LeMulgeton: Goetia and the Stellar Tradition by Leo Holmes is a new release available directly from Fall of Man in physical and digital editions. There are also a number of images of the book on their social networking page and a sample chapter on the website.

Leo Holmes' Lemulgeton from Fall of Man

“Most of The Ars Goetia readers, if not all, are much more interested in what they can get or do by using it than in its origins. But how did it arrive to our days? What, or who, are the subjects in the book? Why 72 and what do their classifications mean? What can their depictions say about them? A lot of questions remain, and it is the aim of LeMulgeton: Goetia and the Stellar Tradition to point towards where some of those answers can be found.

Throughout the pages of this work, the author attempts to relate both Lemegeton and Mul.Apin (a Babylonian compendium that deals with many diverse aspects of Babylonian astronomy and astrology), attributing the Goetics to the Sumerian Constellations (which include single stars and planets) neglecting the prose’s linear flow for the sake of mythic astronomical approach. For that, the author analyzes every possibility – similarity in names, coincidental depictions, mythological attributions and even Constellations’ modern names – following the order in which the demons are presented in Lemegeton. These associations are not to be taken dogmatically though, but rather serve as a pragmatic working table to stimulate contemporary magicians to further develop knowledge and practice on these matters. Mul.Apin and Lemegeton are apophenic (and pareidolic) maps whose sole intent is to serve as a medium for keeping alive a knowledge which is probably as old as human nature. Therefore, those associations are temporary, ever revolving, just like the stars they are about.

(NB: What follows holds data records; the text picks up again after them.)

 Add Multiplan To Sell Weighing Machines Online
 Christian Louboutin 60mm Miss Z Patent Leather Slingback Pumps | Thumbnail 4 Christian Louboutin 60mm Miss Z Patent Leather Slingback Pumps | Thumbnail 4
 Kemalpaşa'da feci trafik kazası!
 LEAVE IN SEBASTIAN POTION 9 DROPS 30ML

The aim of LeMulgeton: Goetia and the Stellar Tradition is to attend a call and to re-establish a long lost connection with the Elder Gods.” [via]

Zoroaster’s Telescope

Zoroaster’s Telescope, or, The Key to the great divinatory Kabbala of the Magi, originally written in 1796 by André-Robert Andrea de Nerciat, available from Ouroboros Press in its first English translation by Jennifer Zahrt.

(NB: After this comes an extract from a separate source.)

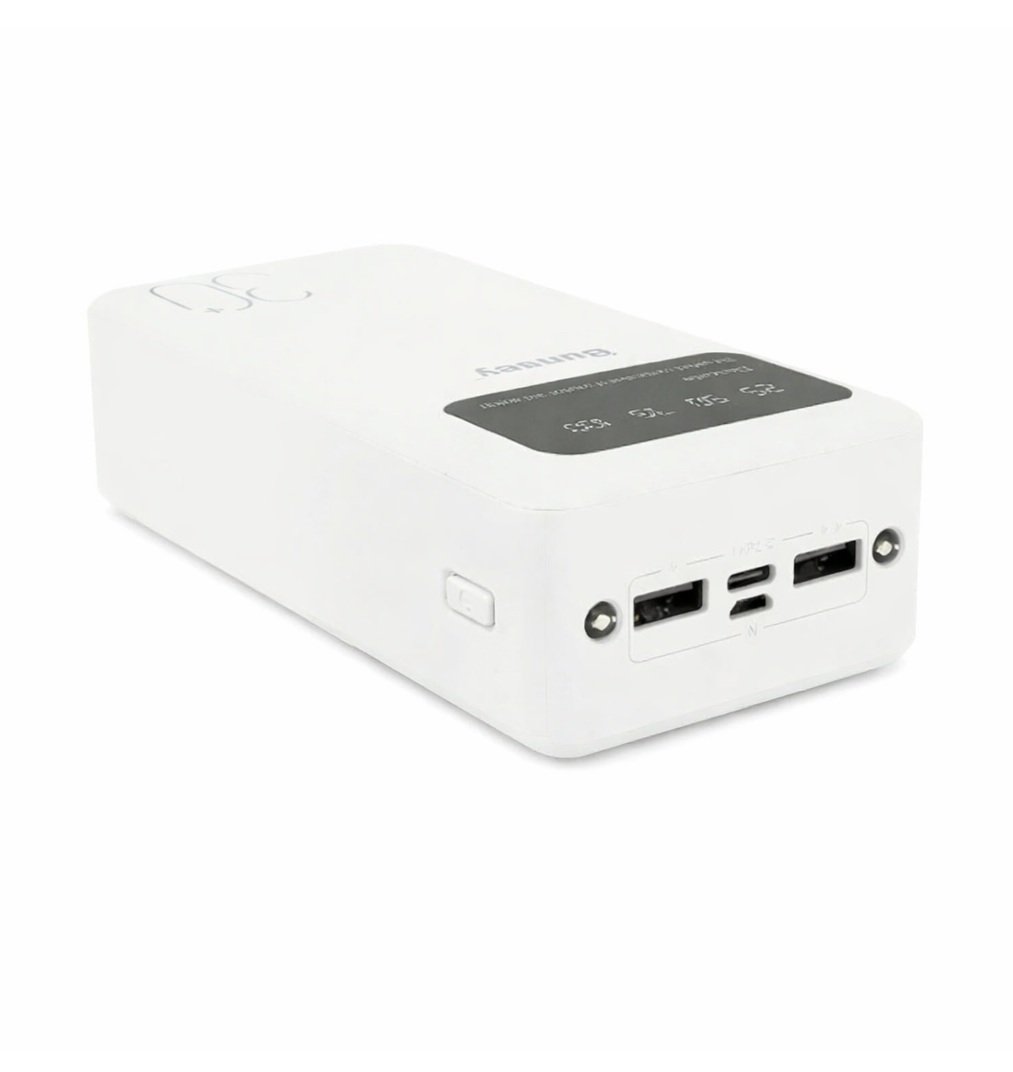 b12 PowerBank Bunsey BY-12 30000mAh - Imagen 1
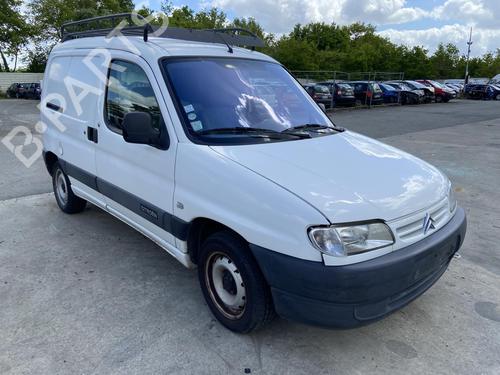Frontplate/Frontkurv CITROËN BERLINGO / BERLINGO FIRST Box Body/MPV (M_) 1.9 D 70 (MBWJZ, MCWJZ) (69 hp) 27108272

André-Robert Andrea de Nerciat and Jennifer Zarht's Zoroaster's Telescope from Ouroboros Press

“The Zoroaster’s Telescope claims to be The Key to the Great Divinatory Kabbala of the Magi, and indeed within the text we find an eclectic mix of Angel Magic, Astrology, Divination, twenty-eight Mansions of the Moon, Kabbala, Zoroastrianism, Sacred Geometry, Numerology, reminiscent of the syncretism MacGregor Mathers employed in the Hermetic Order of the Golden Dawn at the close of the 19th century. As a system of divination, Zoroaster’s Telescope is unique in the genre employing diverse magical methods layout very much along the lines of the grimoires of occult tradition. The book features several wood engraved plates, charts and tables and a large folding plate THE URN wherein the sigla of this art are exemplified. Typographical treatment and design for Zoroaster’s Telescope was executed by Joseph Uccello and the translation was rendered by Dr. Jennifer Zahrt, PhD.” [via]

The Complete Grimoire of Pope Honorius

The Complete Grimoire of Pope Honorius by David Rankine and Paul Harry Barron, from Avalonia Books, is available now for pre-order from the publisher.

This volume is a new “partial translation of Wellcome MS 4666, with numerous additions translated from the French editions of the Grimoire of Pope Honorius dated 1670, 1760 & 1800, and a new translation of the German edition of 1845” with an introduction and commentary.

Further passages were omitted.